Temple announced it would raise tuition 9.9 percent for in-state students and 5.4 percent for out-of-state students like Speers. At Pennsylvania State University, officials plan a yet-to-be-determined increase. The University of Pittsburgh and Lincoln University have not announced hikes.
Tuition will go up 7.5 percent in the fall at the 14 state-owned colleges, which include West Chester University.
For the people who run Pennsylvania colleges, it was a week of good news and bad news.
The good news? The state budget was for once signed on time, so colleges have solid figures on funding at the start of the fiscal year.
The bad news? The figures are terrible.
The four state-related universities - Temple, Penn State, Pittsburgh, and Lincoln - suffered 19 percent reductions in support, and the 14 state schools were cut 18 percent.
Both numbers are better than the 50 percent reduction that Corbett proposed to help close a $4 billion deficit. Yet both are historic reductions that have left students, parents, and administrators reeling.
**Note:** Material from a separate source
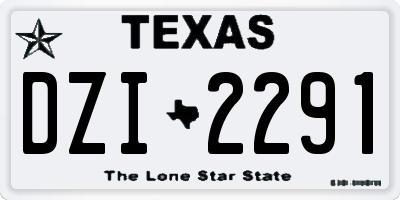 TX license plate DZI2291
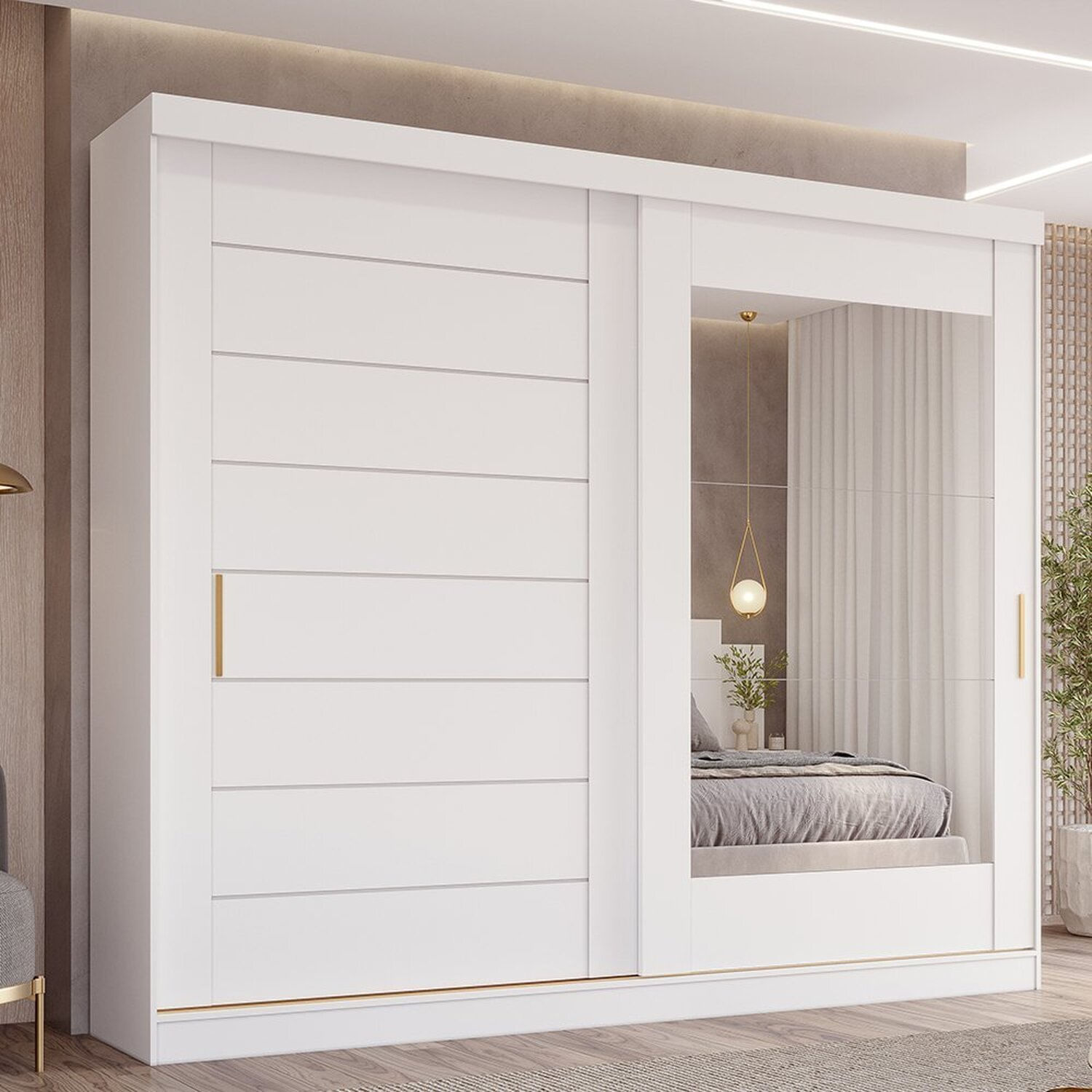 Guarda-roupa Casal 2 Portas De Correr 8 Gavetas Com Espelho 100% Mdf Siena Espresso Móveis Branco Brilho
"Cutting something as essential as education shows a fundamentally distorted priority list," said Temple senior Beth Cozzolino, 20, of Audubon, Montgomery County, who helped lead marches and lobby legislators to restore funding this school year. "It's still going to hurt a lot of people."
She pays for college through loans, work study, grants, and savings - the last supplemented by parents who have been putting money aside for nearly 20 years.
Cozzolino's father, Tom, said helping his four children pay for college meant skipping big vacations and new cars.